▸ **What the task requires**: Word-for-word transcription: reproduce all of the data, but not the pictures.

▸ **Information provided**:
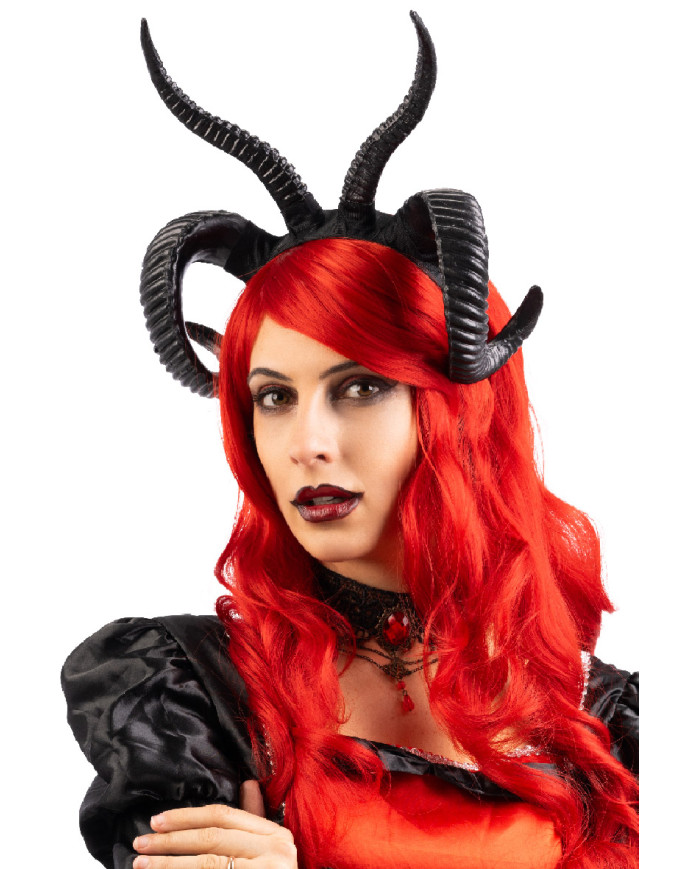 Diadema de cuernos de demonio negro con etiqueta colgante/etiqueta adhesiva Diadema de cuernos de demonio negro con etiqueta colgante/etiqueta adhesiva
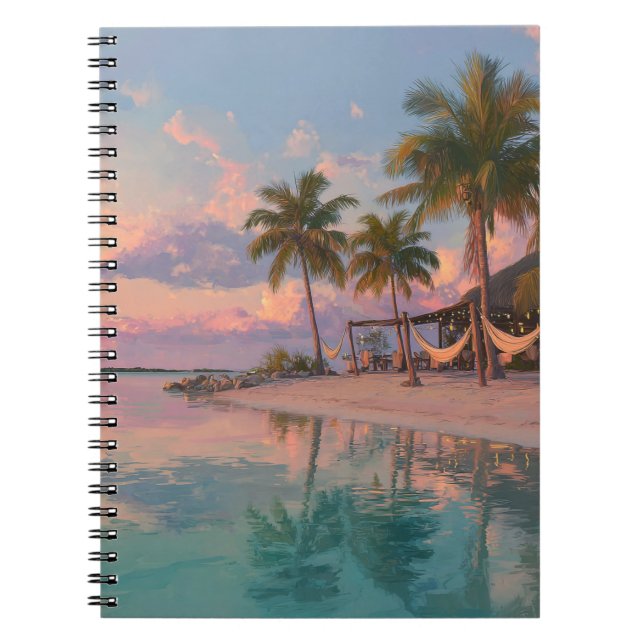 Caderno Espiral Tranquil Beach Hammocks Sunset Refletion Art Note (Frente)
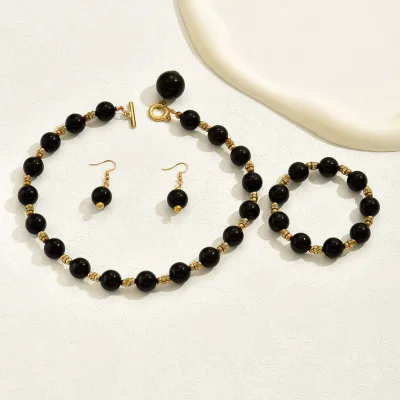 Trendy Imitation Pearl Jewelry Set with Gold Plated Copper Alloy Necklace Choker Earrings & Bracelet for Women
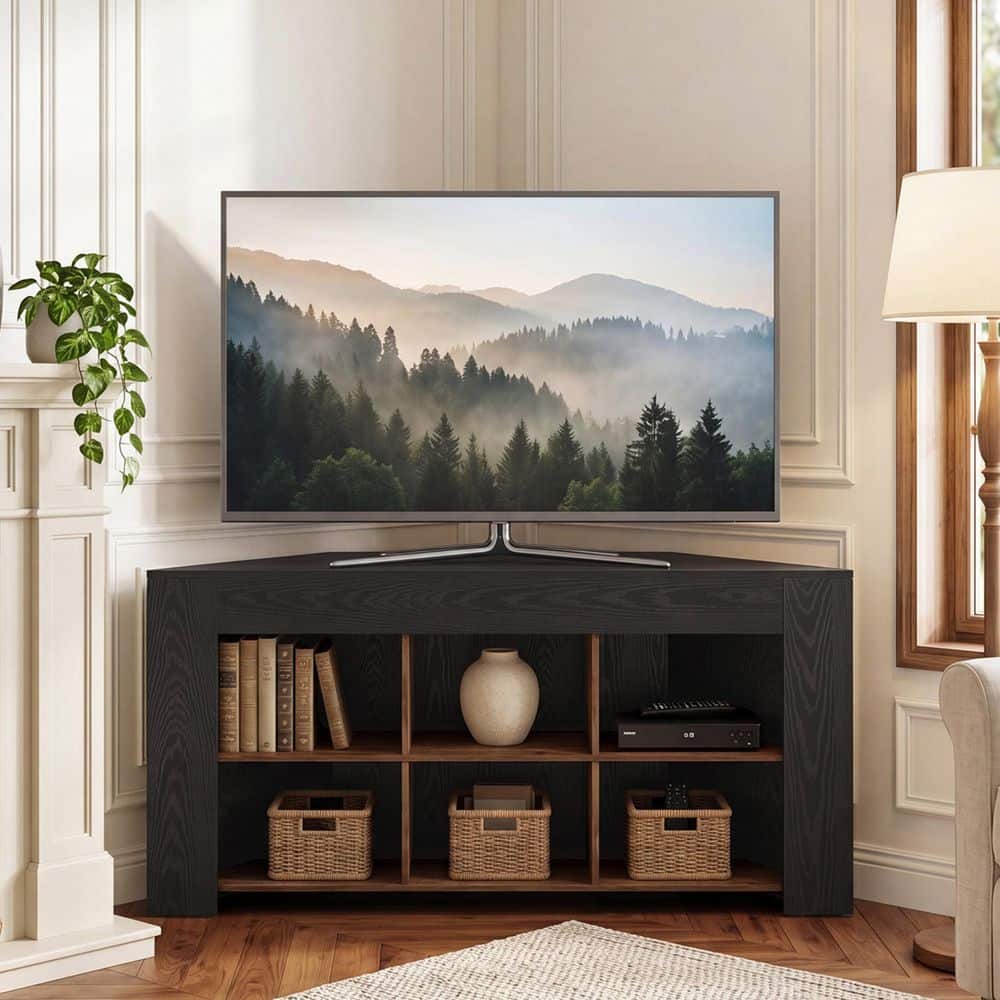 Ezlynn 59.06 in. Black Corner TV Stand Fits TVs up to 65 in. with 6 Open Storage Cubes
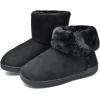 imageKuaiLu Womens Slippers Boots Cozy Memory Foam Ladies Bootie Slipper Warm Fuzzy Faux Fur Lined Winter Ankle House ShoesAllblack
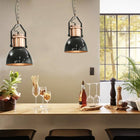 Plafondlamp set 2 stuks rond E27 metaal zwart koper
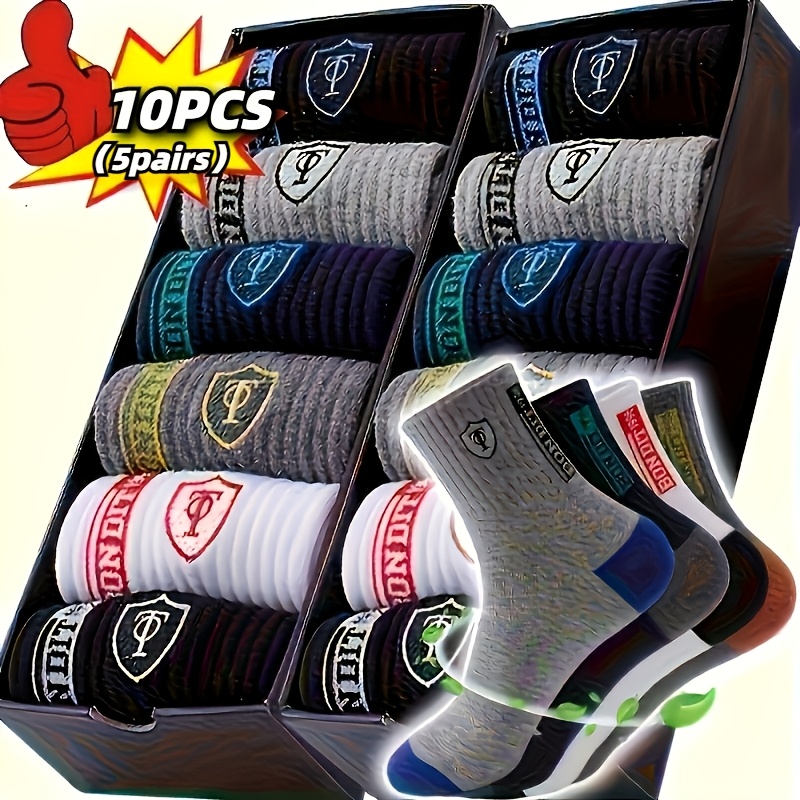 TEMU Random 10pcs/5pairs Men's Breathable Sports Socks, Fashion Letter Print High-elastic Outdoor Running Socks, Moisture-wicking, Reinforced Heel,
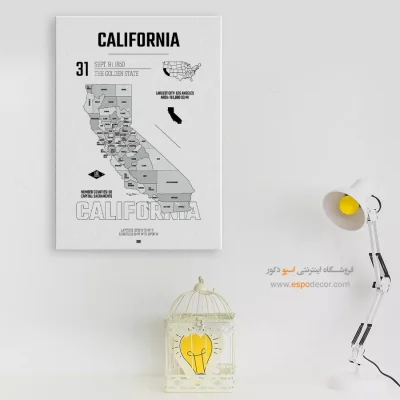 تابلو هنری نقشه کالیفرنیا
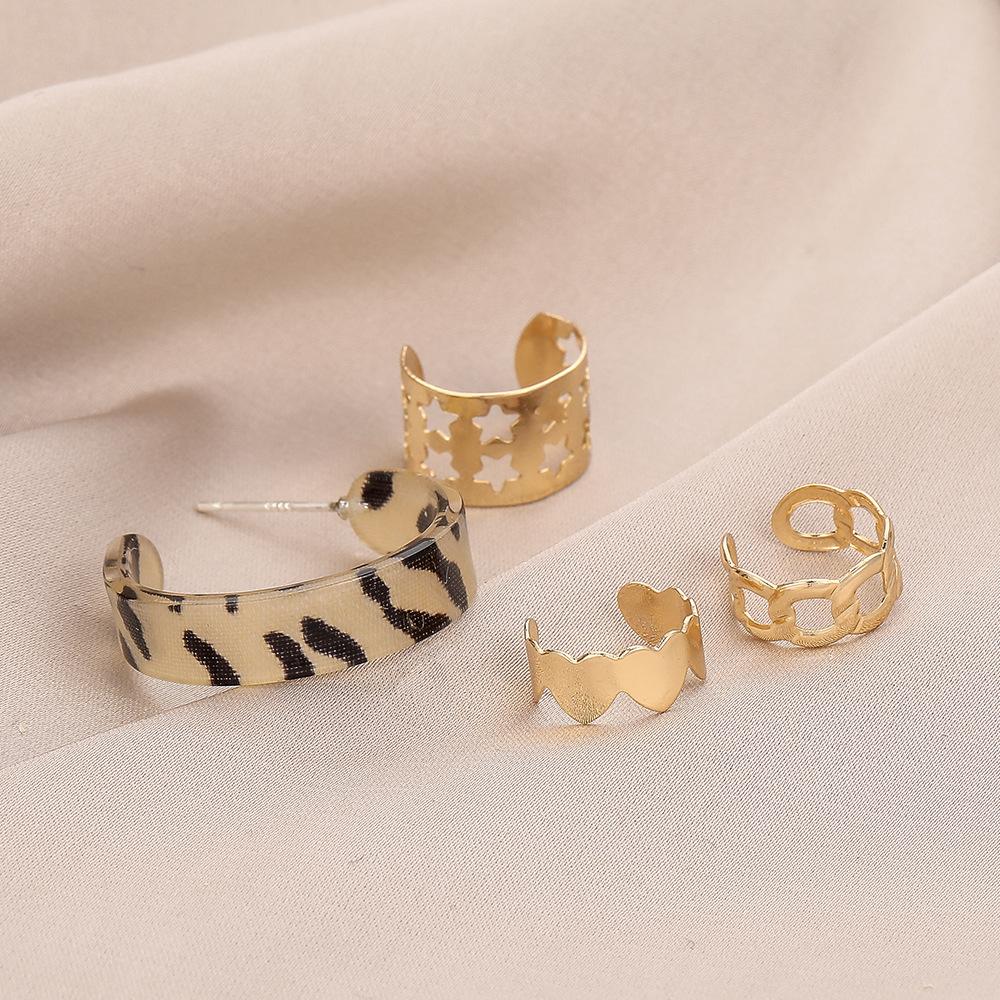 Retro leopard print earrings personalized earrings unique earrings women's five-pointed star ear bone clip niche earrings without ear holes mixed batch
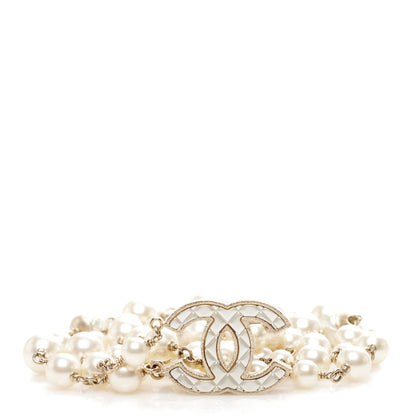 Chanel Pearl Metal Quilted CC Belt Silver Gold 1 of 3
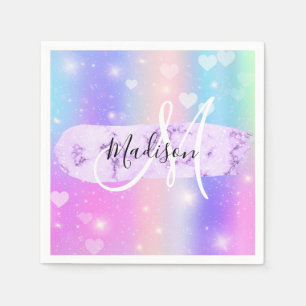 Serviette En Papier Licorne Arc-en-Ciel Cœurs Monogramme Coloré Fémini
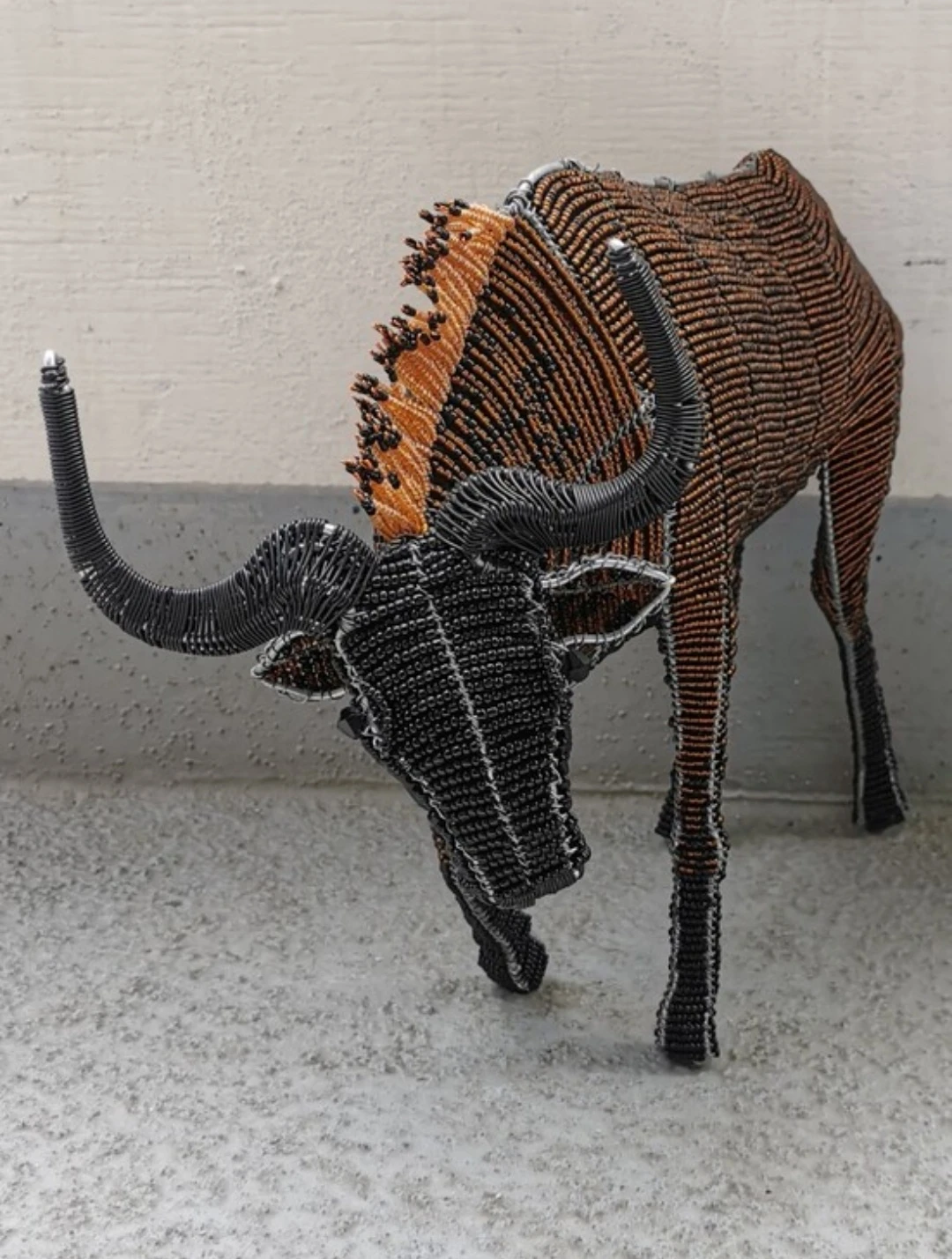 African Beaded Wildebeest Sculpture – Handmade Safari Decor - photo 2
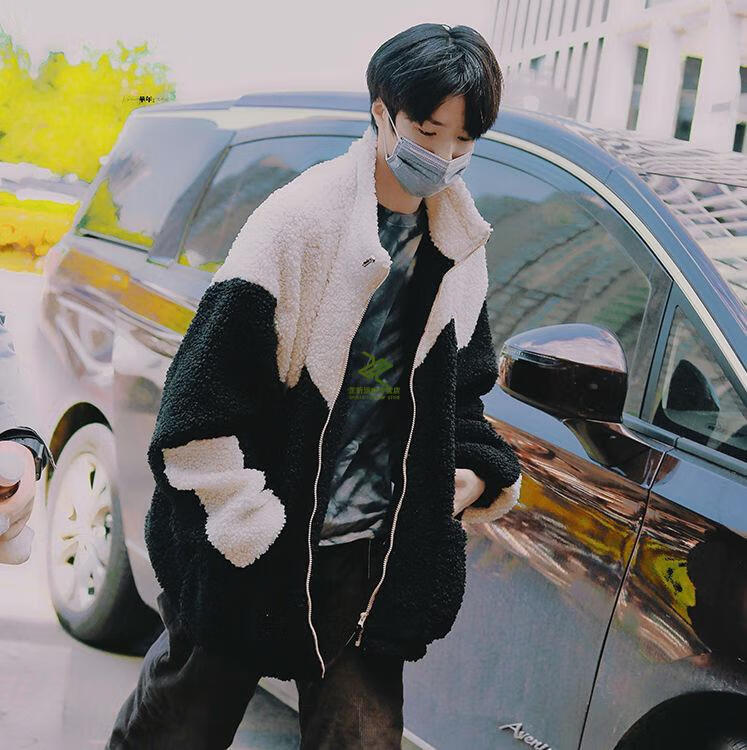 时代少年团刘耀文同款棉服 羊羔毛外套韩版宽松oversize冬季ins潮棉服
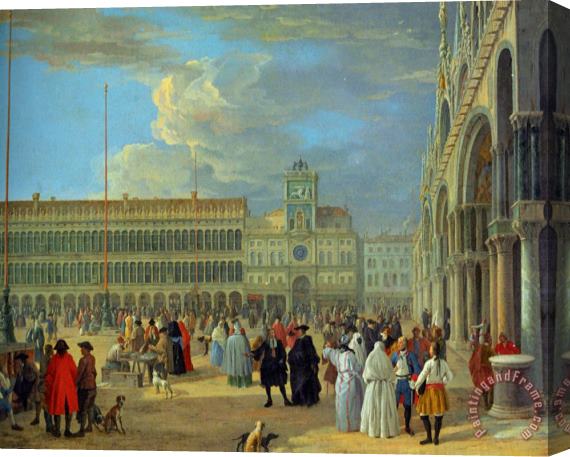 Luca Carlevaris View of Piazza San Marco Stretched Canvas Print / Canvas Art
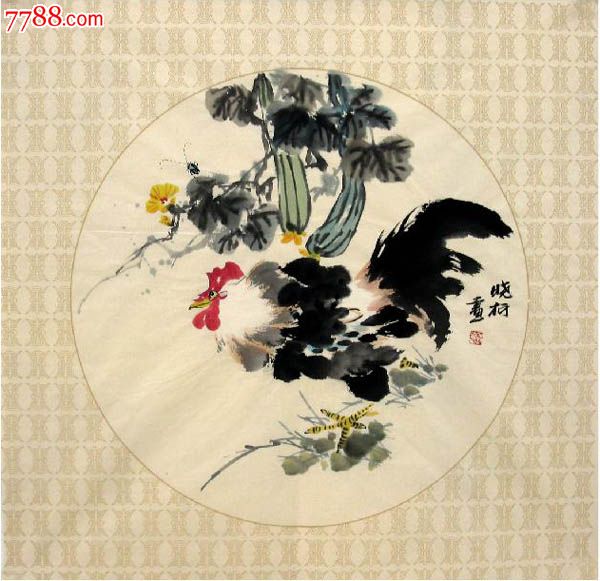 郭晓柯·圆心花鸟国画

▸ **Solution to the exercise**:
 Diadema de cuernos de demonio negro con etiqueta colgante/etiqueta adhesiva Diadema de cuernos de demonio negro con etiqueta colgante/etiqueta adhesiva
 Caderno Espiral Tranquil Beach Hammocks Sunset Refletion Art Note (Frente)
 Trendy Imitation Pearl Jewelry Set with Gold Plated Copper Alloy Necklace Choker Earrings & Bracelet for Women
 Ezlynn 59.06 in. Black Corner TV Stand Fits TVs up to 65 in. with 6 Open Storage Cubes
 imageKuaiLu Womens Slippers Boots Cozy Memory Foam Ladies Bootie Slipper Warm Fuzzy Faux Fur Lined Winter Ankle House ShoesAllblack
 Plafondlamp set 2 stuks rond E27 metaal zwart koper
 TEMU Random 10pcs/5pairs Men's Breathable Sports Socks, Fashion Letter Print High-elastic Outdoor Running Socks, Moisture-wicking, Reinforced Heel,
 تابلو هنری نقشه کالیفرنیا
 Retro leopard print earrings personalized earrings unique earrings women's five-pointed star ear bone clip niche earrings without ear holes mixed batch
 Chanel Pearl Metal Quilted CC Belt Silver Gold 1 of 3
 Serviette En Papier Licorne Arc-en-Ciel Cœurs Monogramme Coloré Fémini
 African Beaded Wildebeest Sculpture – Handmade Safari Decor - photo 2
 时代少年团刘耀文同款棉服 羊羔毛外套韩版宽松oversize冬季ins潮棉服
 Luca Carlevaris View of Piazza San Marco Stretched Canvas Print / Canvas Art
 郭晓柯·圆心花鸟国画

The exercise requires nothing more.